Dataset extract Start Marker

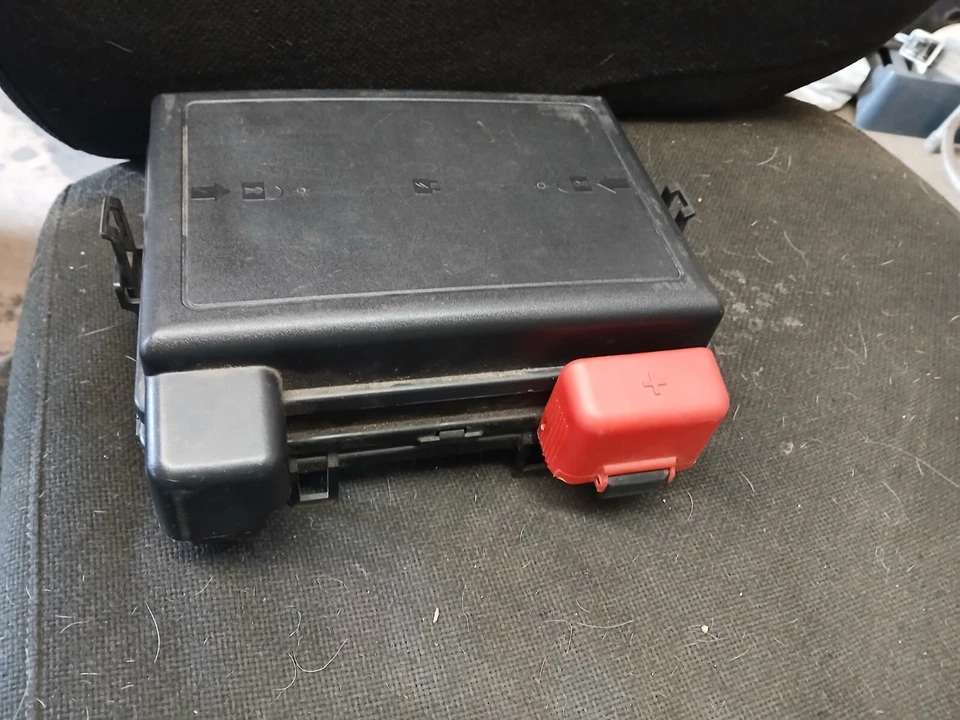 09 PONTIAC SOLSTICE 2.0L CUPÉ RELÉ DE FUSIBLES CAJA DE CONEXIONES BLOQUE OEM Foto 1 de 4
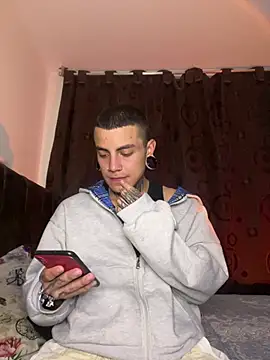  valentinoooo online show from July 2026 04:04:02 AM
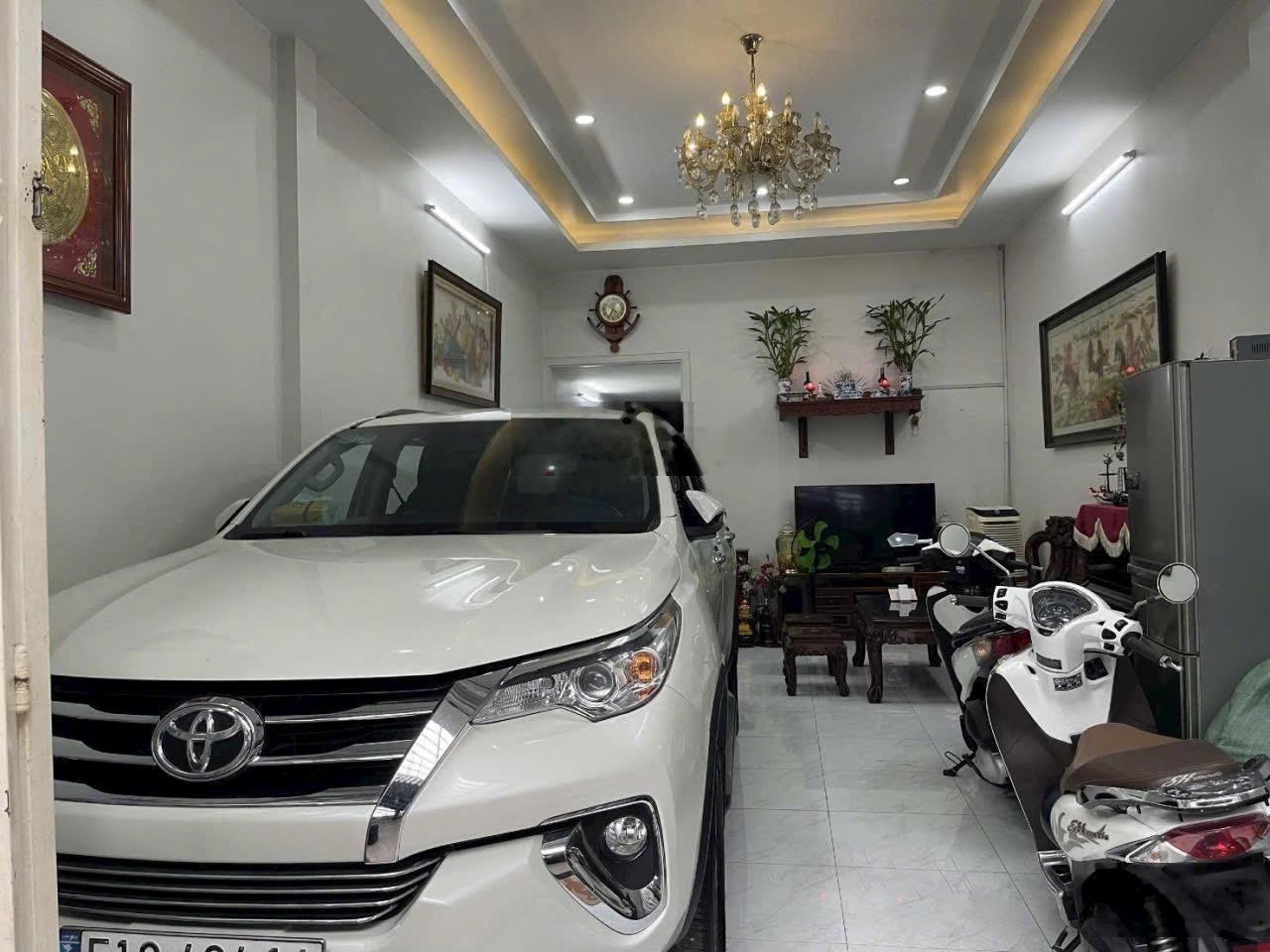 Bán nhà hẻm xe hơi 7 chỗ thông, ngay cao đẳng công thương, gần chợ phước long b, 3 tầng, nhỉnh 8 tỷ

Dataset extract End Marker

[Problem statement] Repeat the data exactly as given. Keep every picture out of the copy.

[Response to this task]
 09 PONTIAC SOLSTICE 2.0L CUPÉ RELÉ DE FUSIBLES CAJA DE CONEXIONES BLOQUE OEM Foto 1 de 4
  valentinoooo online show from July 2026 04:04:02 AM
 Bán nhà hẻm xe hơi 7 chỗ thông, ngay cao đẳng công thương, gần chợ phước long b, 3 tầng, nhỉnh 8 tỷ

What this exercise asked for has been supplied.